Meditation | Types of Meditation

What if I told you that every minute of your day is meditation? And then what if I asked you what you are meditating on?

Are you meditating on your difficult boss or the fight you had with your spouse or the guy who cut you off in traffic this morning? Or are you meditating on the beautiful rose you saw on the way to work and the vibrant colours in the dress your co-worker was wearing and the sunset you watched as you drove home?

Every minute of every day we are creating our own reality through how we perceive and how we choose to think about our environment. A regular meditation practice helps us learn how to be in the moment rather than dwelling on past hurts or future concerns.

Through meditation we learn that everything passes and there is only now. If you find seated meditation difficult, try these meditation alternatives to practice mindfulness instead.

1. Color In

Since you're reading this I'm going to assume that you're not living on an island in the middle of the sea, totally cut off from the world, and are therefore aware of the adult colouring book craze that has hit recently. I am living on an island in the middle of the sea and I haven't missed it!

We meditate to practice being in the present — a task easily achieved by colouring in. When we colour in we are not thinking about our worries or what we need to get at the supermarket.  Instead, we are focused on the task in front of us.

Psychologist Carl Jung used mandala colouring as an applied relaxation technique in the early 20th century. Modern psychologists are also behind the technique as a way to combat stress because it shifts our focus away from worries, and because it taps into our imaginations and connects us to our childhoods.

2. String Beads

Similarly to colouring in, your mind will steer clear of worries and anxious thoughts if you give offer it something else to focus on. The patterns and rhythms of the beading help you to enter a state of flow as you become absorbed in your project.

And just like mandala coloring, beading also taps into your imagination and creativity. Beads (like rosary and mala) have been used for thousands of years for prayer and meditation. Plus there's the obvious benefit of creating something colorful and beautiful, and there can never be too much beauty in the world.

Beading also has many benefits for children including developing fine motor skills, visual perception, visual motor and cognitive skills — so if you have children, encourage them to bead as well!

3. Movement Meditation a.k.a. Go for a Walk (or a Swim or a Run)

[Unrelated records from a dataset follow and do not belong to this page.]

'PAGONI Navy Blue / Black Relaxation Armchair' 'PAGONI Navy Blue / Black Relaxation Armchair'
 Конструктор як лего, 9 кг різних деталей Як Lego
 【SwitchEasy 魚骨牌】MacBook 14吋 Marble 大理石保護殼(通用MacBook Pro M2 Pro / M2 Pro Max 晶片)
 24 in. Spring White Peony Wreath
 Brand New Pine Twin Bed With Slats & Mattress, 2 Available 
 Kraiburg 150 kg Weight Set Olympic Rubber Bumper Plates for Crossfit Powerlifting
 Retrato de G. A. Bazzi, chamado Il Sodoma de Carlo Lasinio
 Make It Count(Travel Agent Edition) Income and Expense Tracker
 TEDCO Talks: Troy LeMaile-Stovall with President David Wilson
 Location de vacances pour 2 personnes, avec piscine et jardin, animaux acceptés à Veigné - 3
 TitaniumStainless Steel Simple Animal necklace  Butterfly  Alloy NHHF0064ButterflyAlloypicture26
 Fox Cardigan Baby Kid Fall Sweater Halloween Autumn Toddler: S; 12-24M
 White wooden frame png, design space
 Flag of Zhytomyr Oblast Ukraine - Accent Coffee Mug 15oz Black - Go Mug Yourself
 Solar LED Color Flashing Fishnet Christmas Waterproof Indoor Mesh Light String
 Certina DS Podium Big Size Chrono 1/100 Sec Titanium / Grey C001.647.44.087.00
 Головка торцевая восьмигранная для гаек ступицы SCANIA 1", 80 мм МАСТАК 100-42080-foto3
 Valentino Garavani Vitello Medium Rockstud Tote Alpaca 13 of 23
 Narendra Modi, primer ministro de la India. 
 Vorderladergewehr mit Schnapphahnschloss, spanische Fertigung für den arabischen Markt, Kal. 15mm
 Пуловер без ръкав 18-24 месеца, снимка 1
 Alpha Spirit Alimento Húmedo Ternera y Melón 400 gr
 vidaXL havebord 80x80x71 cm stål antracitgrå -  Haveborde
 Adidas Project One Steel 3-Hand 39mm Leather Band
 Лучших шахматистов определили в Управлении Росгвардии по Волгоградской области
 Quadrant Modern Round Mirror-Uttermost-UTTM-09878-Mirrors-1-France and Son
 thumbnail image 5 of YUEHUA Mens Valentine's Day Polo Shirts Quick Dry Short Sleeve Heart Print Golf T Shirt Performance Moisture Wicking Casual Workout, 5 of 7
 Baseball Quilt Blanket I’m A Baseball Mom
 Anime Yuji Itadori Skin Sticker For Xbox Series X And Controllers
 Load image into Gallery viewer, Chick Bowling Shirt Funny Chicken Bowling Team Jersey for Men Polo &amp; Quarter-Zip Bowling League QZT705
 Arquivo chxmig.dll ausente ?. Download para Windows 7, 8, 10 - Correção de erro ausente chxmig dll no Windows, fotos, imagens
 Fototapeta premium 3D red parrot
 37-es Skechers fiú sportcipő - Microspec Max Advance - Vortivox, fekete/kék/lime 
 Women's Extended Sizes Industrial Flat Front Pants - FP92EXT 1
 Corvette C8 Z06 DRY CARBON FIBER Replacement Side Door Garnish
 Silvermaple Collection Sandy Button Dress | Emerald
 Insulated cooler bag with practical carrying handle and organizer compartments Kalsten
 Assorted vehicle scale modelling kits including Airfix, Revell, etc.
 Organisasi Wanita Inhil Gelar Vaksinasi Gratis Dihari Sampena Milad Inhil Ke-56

Ever wonder why a lot of people go for a walk or run to clear their heads? The simple process of alternating steps (or strokes) helps us to cultivate a meditative state.

There are seated meditation techniques that require us to focus on our bodily sensations, but this is so much easier when our bodies are in motion. The other added benefit is that moving our bodies and increasing our heart rate makes us more conscious of our breath, and our patterns of inhalation and exhalation.

The best place for such meditations is the great outdoors so you can reap the benefits of being connected with nature, but if that's not an option, swim in a pool or run or walk on a treadmill. Focus on how your body feels as it's moving — your feet hitting the ground, your arms pushing through the water, the breath moving through your body.

How do you like to get out of your head and into the moment?